IoT – Scalability and Availability

by Uwe Meding

The Internet of Things (IoT) is a commercial reality. It is already changing the way that products are manufactured and sold, and the way we interact with them.

Every time a consumer interacts with your product, they will expect a swift, seamless experience. They don’t care if ten million other products are being operated concurrently; they only care that when they open their garage door via a smartphone, there’s an instant, 24X7 response. Failure to deliver that experience, whether due to high platform latency or an inability to scale your platform to handle the load, is not only unacceptable to consumers, but also highly damaging to the reputation of both your product and your brand.

To handle the challenge of this aggregated demand, it is important that you select a platform that is built with scalability, performance and availability in mind.

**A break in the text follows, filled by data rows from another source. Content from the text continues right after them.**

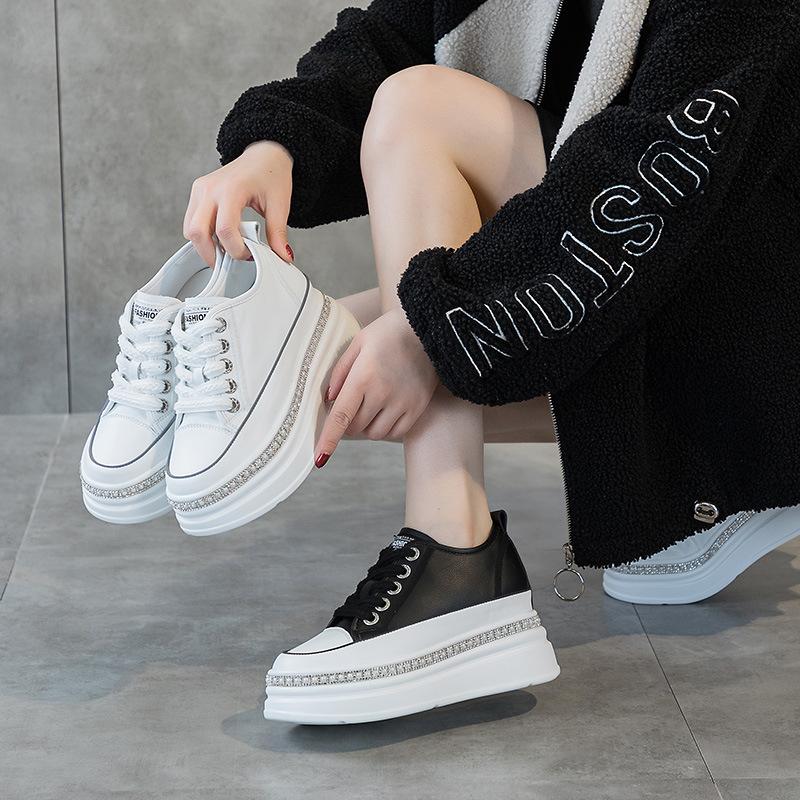 Little white shoes women's shoes 2025 new spring shoes thick-soled versatile casual muffin bottom sports leather women's shoes board shoes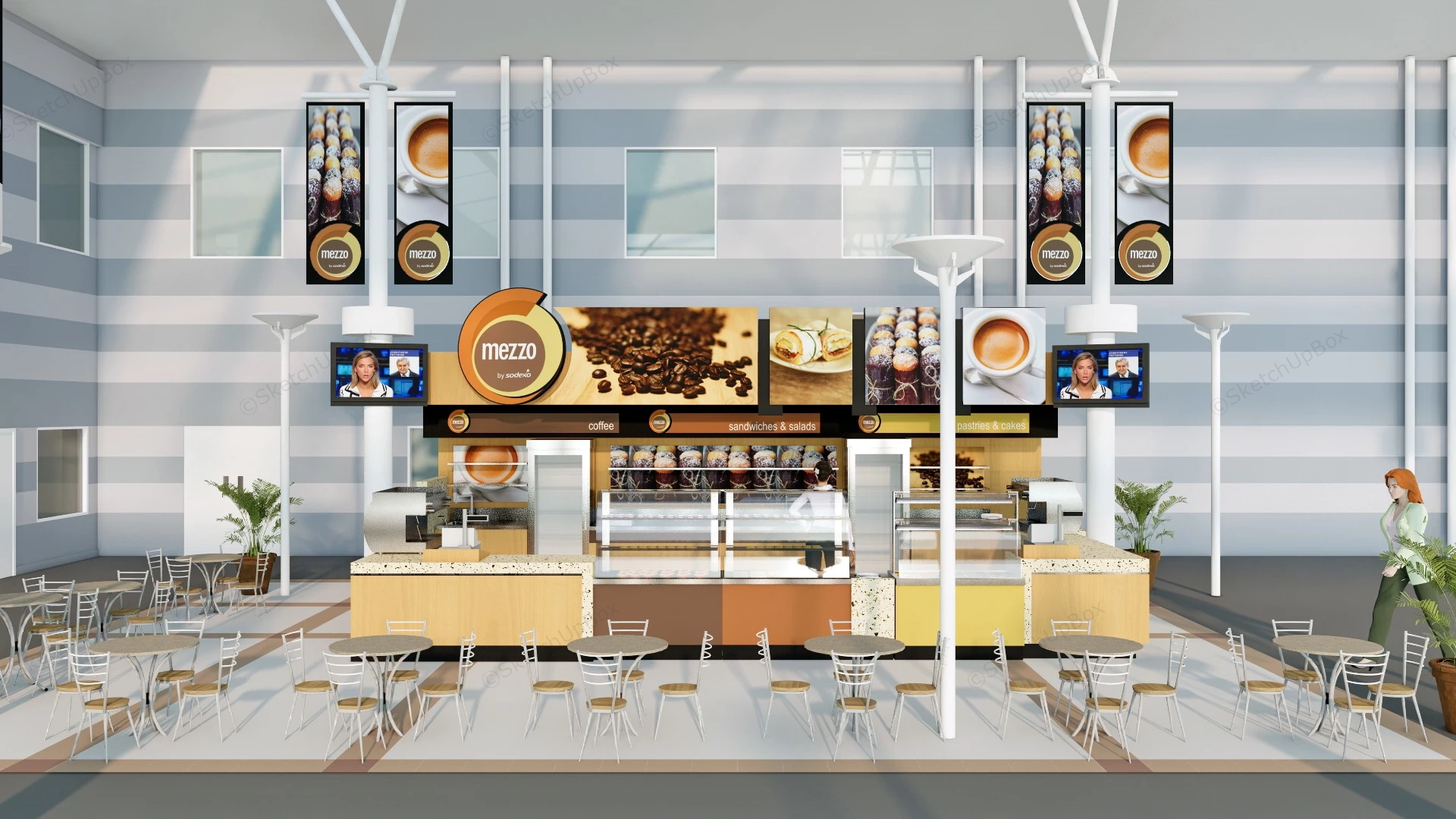 Coffee Bakery Shop Design sketchup model preview - SketchupBox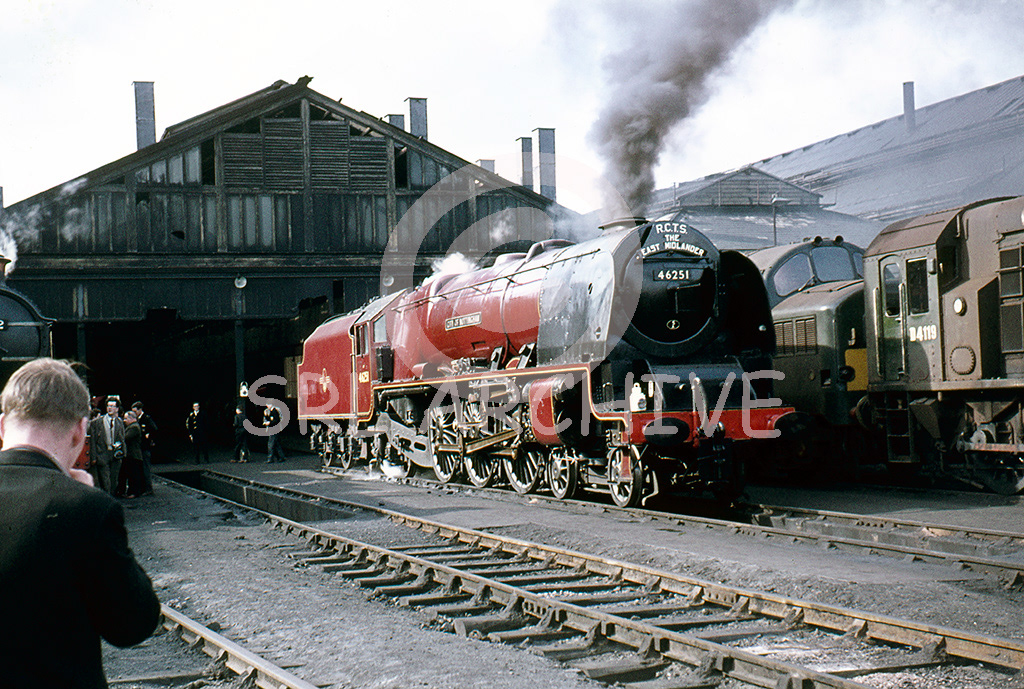 46251 City of Nottingham on shed at Swindon RCTS The East Midlander rail tour 9th May 1964 SRL No 237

Some IoT platforms on the market today are made to handle the hundreds and perhaps thousands of smart products typically involved in a pilot project, but are ill-equipped to deal with a full commercial roll-out, let alone the enormous growth that the market anticipates (over 50 billion connected devices by 2020).

High Speed, Low Latency

The cloud delivers scale, offering both elasticity in terms of infrastructure and significant cost savings when compared to on-premise computation. But the cloud itself is not enough. With different architectural approaches to scaling in the cloud, it is vital to select a platform that responds to demand with the highest speed and lowest latency possible.

For example, most IoT platforms should be able to manage to connect a consumer product like a washing machine that communicates a message every second via standard IoT messaging protocols like HTTP, MQTT or CoAP. The real challenge lies in handling the considerable load increase that occurs when operating 1 million connected washing machines, without any noticeable latency or delay.

Latency is a problem for any product or service involved in the Internet of Things (IoT) — it’s affecting more and more businesses and vastly changing the way we view, receive, access, and use data. In a 2017 business study, for instance, 2/3 of companies reported that they were using the IoT in their operations:

The problem is that the things (e.g., sensors, gadgets, controls, etc.) of the connected devices depend on the responsiveness of a system or network to work effectively. High latency means delayed responsiveness. With delayed responsiveness comes the inability of the things to function to their full capacity — or even as they need to.

Guaranteed Availability

With 24×7 consumer demand on your smart products, your IoT platform must also offer superb availability. To achieve a minimum of 99.95% availability service level agreement (SLA), your chosen platform will need to offer auto-failover, auto-scaling and load balancing by default, as well as robust performance and security monitoring.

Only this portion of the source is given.